[Task to carry out] Only the pictures are to be dropped, and the rest of the data should be copied exactly.

Dataset content below:

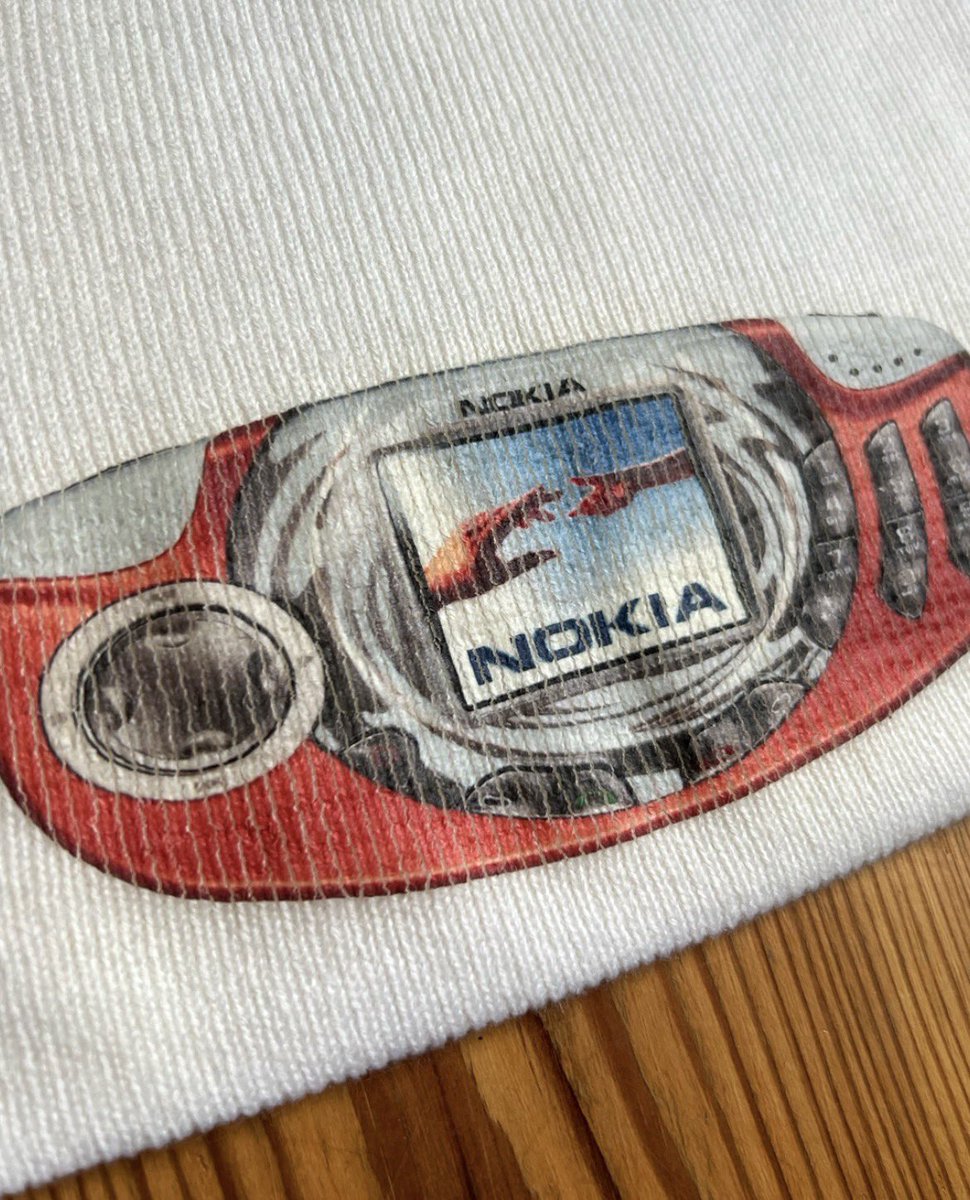 Nokia 3300 Beamie by Jun Penélope (IG: junpenelope)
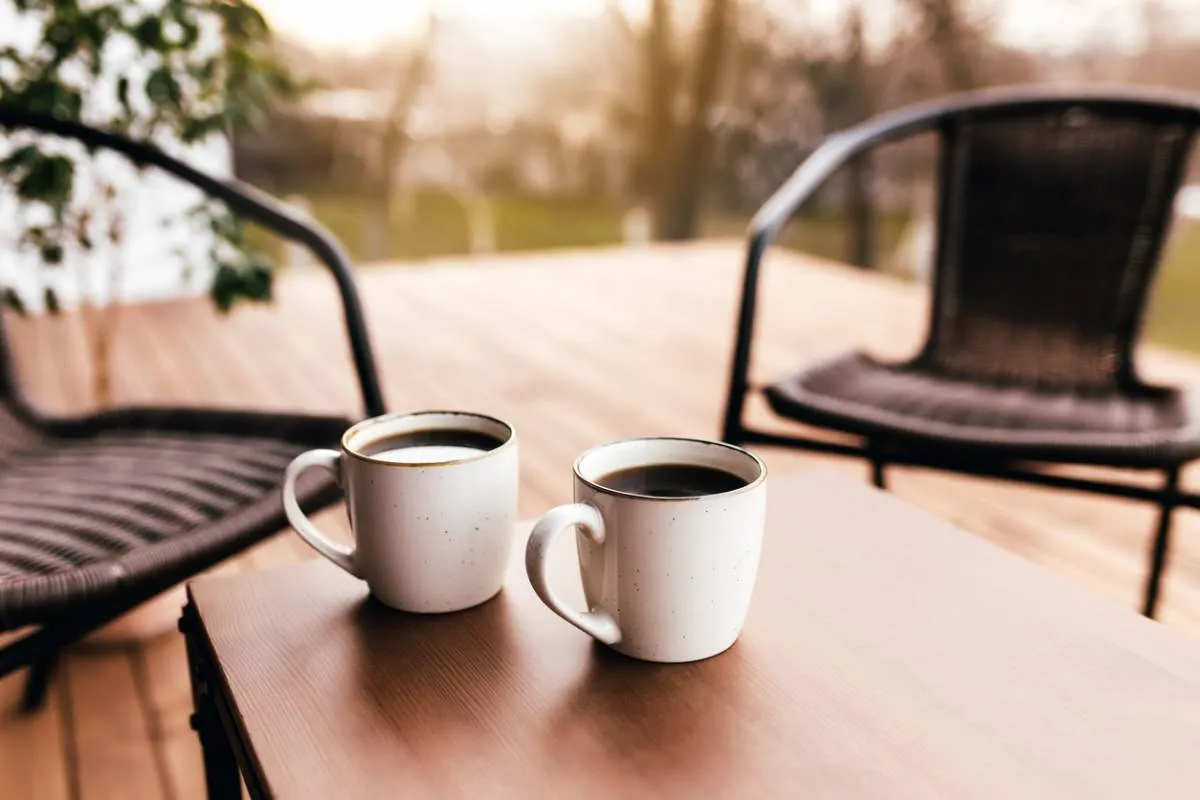 Table de jardin en teck : comment faire le bon choix ?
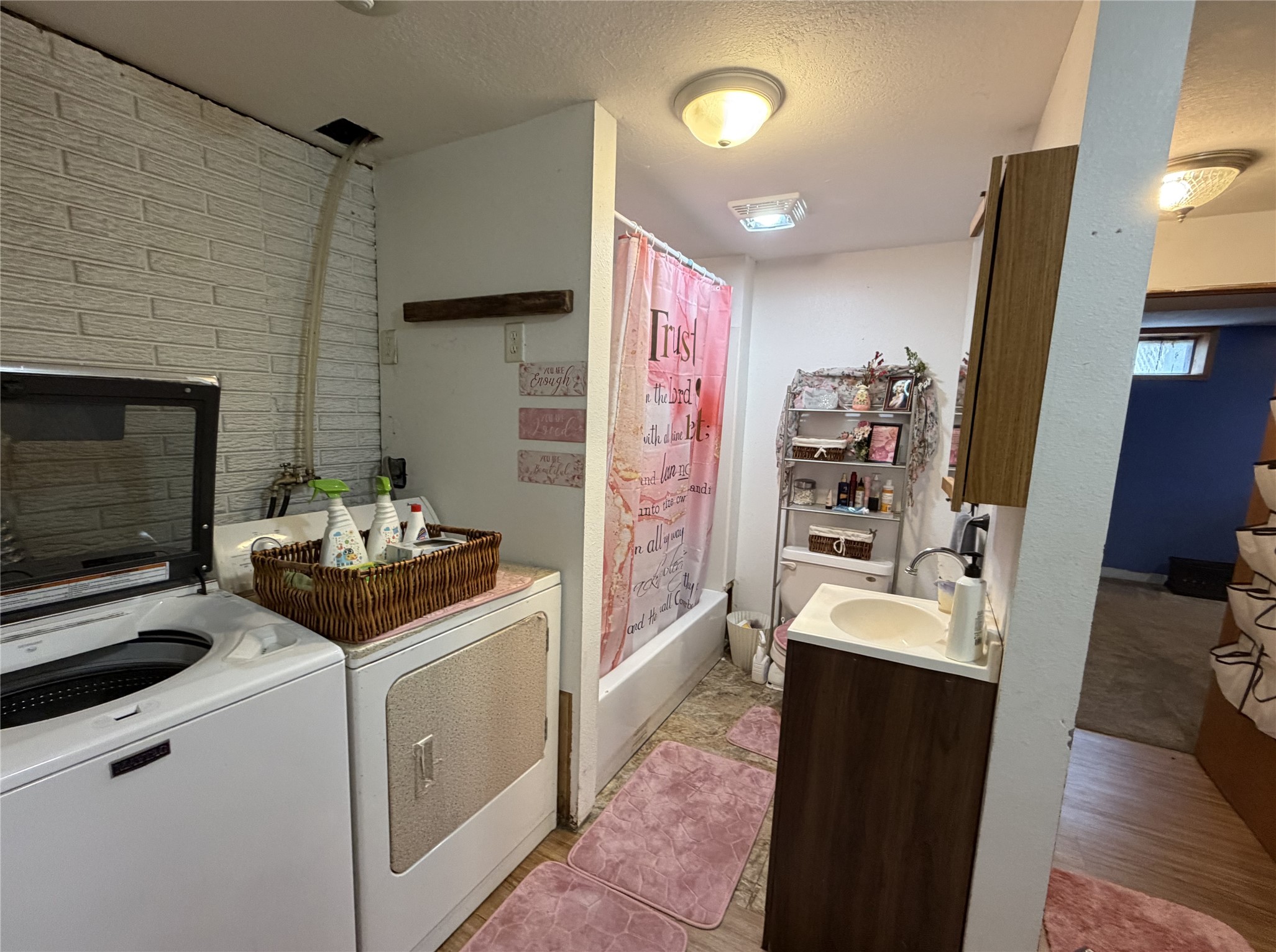 810 Juniper Avenue Property Photo 35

End of Dataset content.

[Output for this task]
 Nokia 3300 Beamie by Jun Penélope (IG: junpenelope)
 Table de jardin en teck : comment faire le bon choix ?
 810 Juniper Avenue Property Photo 35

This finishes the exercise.